*Task statement*
Please reproduce the listing word for word. Pictures stay out.

*Dataset records*
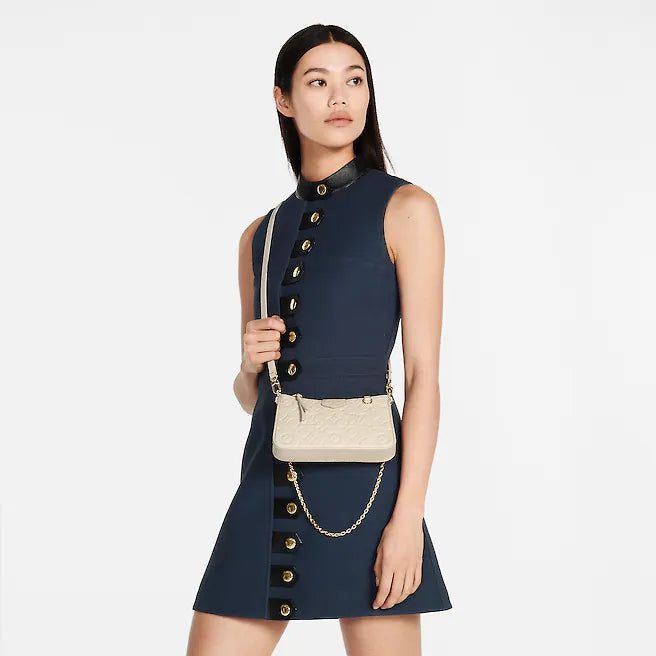 Louis Vuitton Easy Pouch On Strap - Image 6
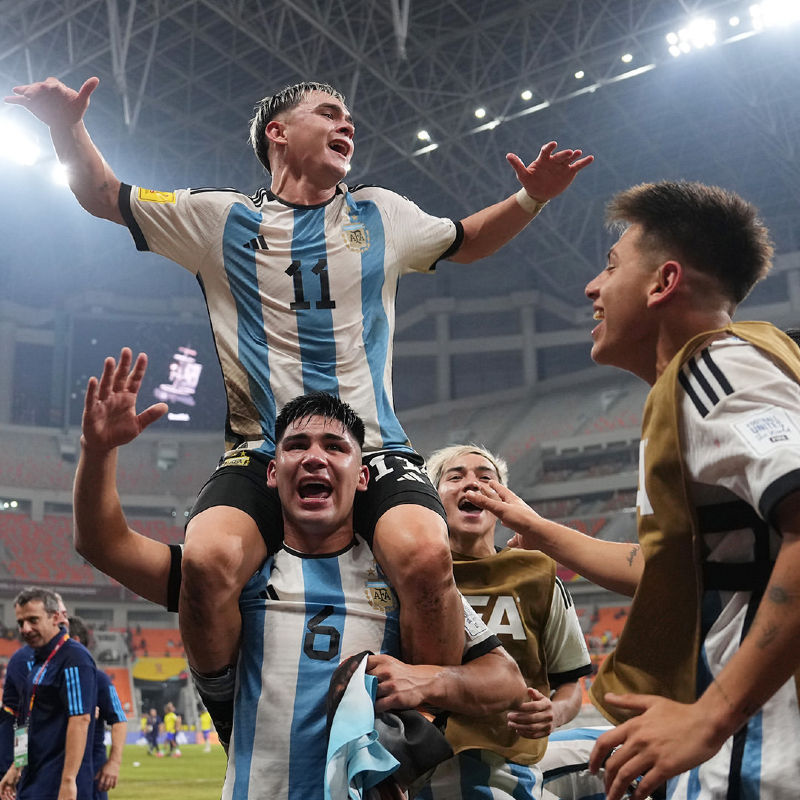 A Look At The FIFA U-17 World Cup 2023 Prize Money At Stake For The Winners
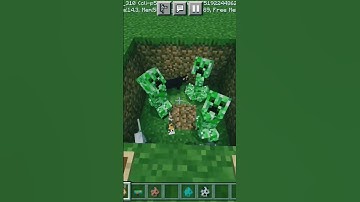 All mobs weakness in Minecraft #minecraft#hack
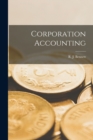 Image for Corporation Accounting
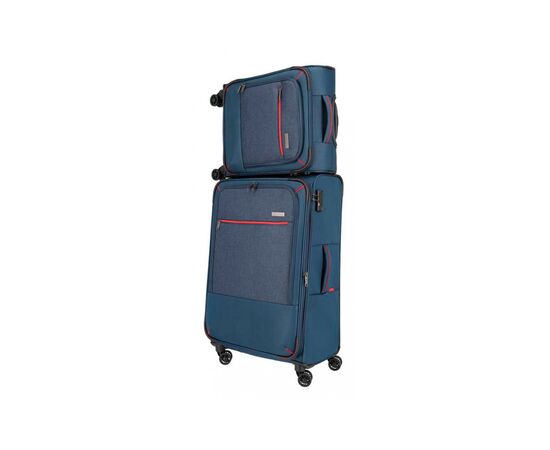 Чемодан Travelite ARONA Navy S (TL090247-20), изображение 4 Чемодан Travelite ARONA Navy S (TL090247-20), изображение 4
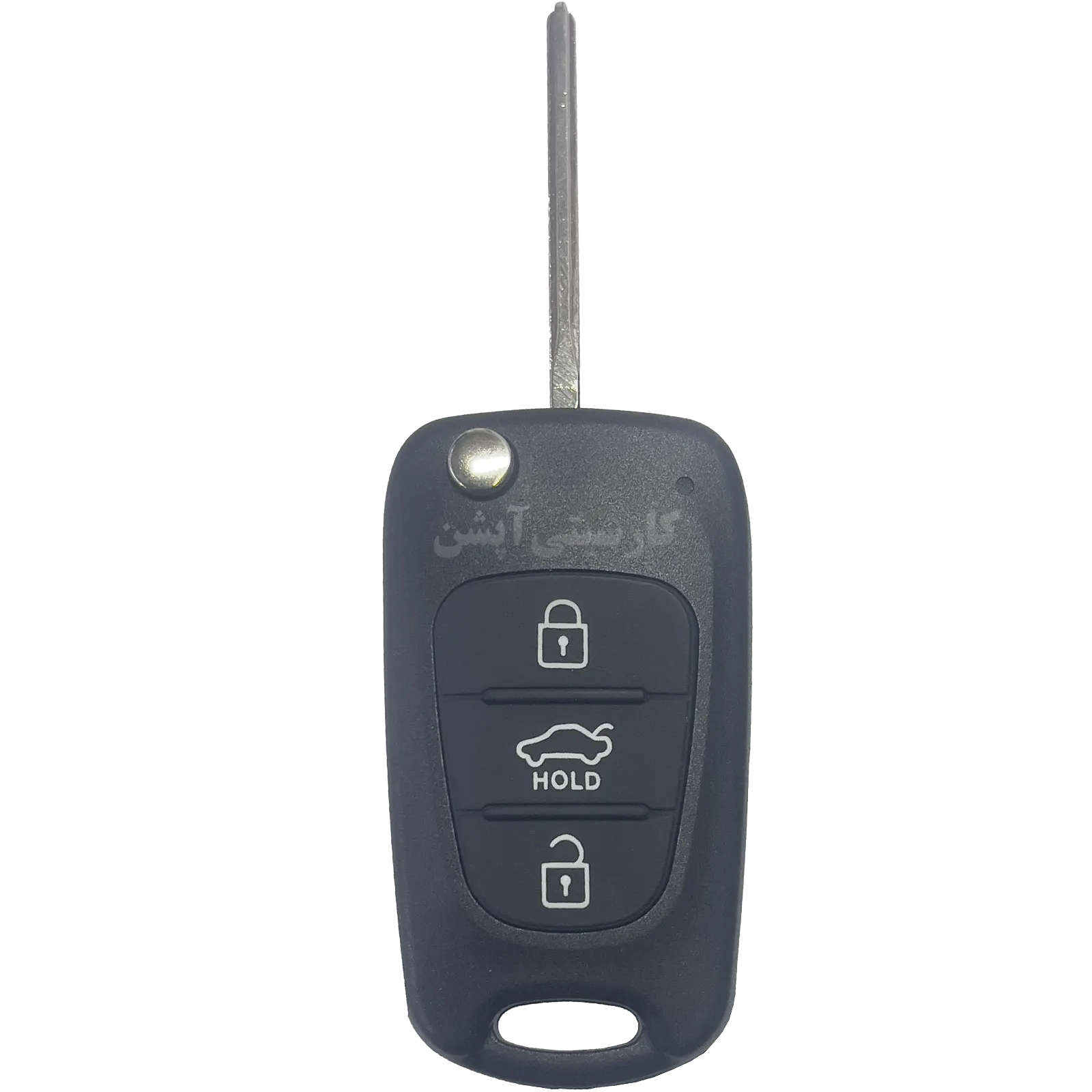 خرید کلید و ریموت تاشو هیوندای i20 مدل (2010 - 2012)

*Output*
 Louis Vuitton Easy Pouch On Strap - Image 6
 A Look At The FIFA U-17 World Cup 2023 Prize Money At Stake For The Winners
 All mobs weakness in Minecraft #minecraft#hack
 Image for Corporation Accounting
 Чемодан Travelite ARONA Navy S (TL090247-20), изображение 4 Чемодан Travelite ARONA Navy S (TL090247-20), изображение 4
 خرید کلید و ریموت تاشو هیوندای i20 مدل (2010 - 2012)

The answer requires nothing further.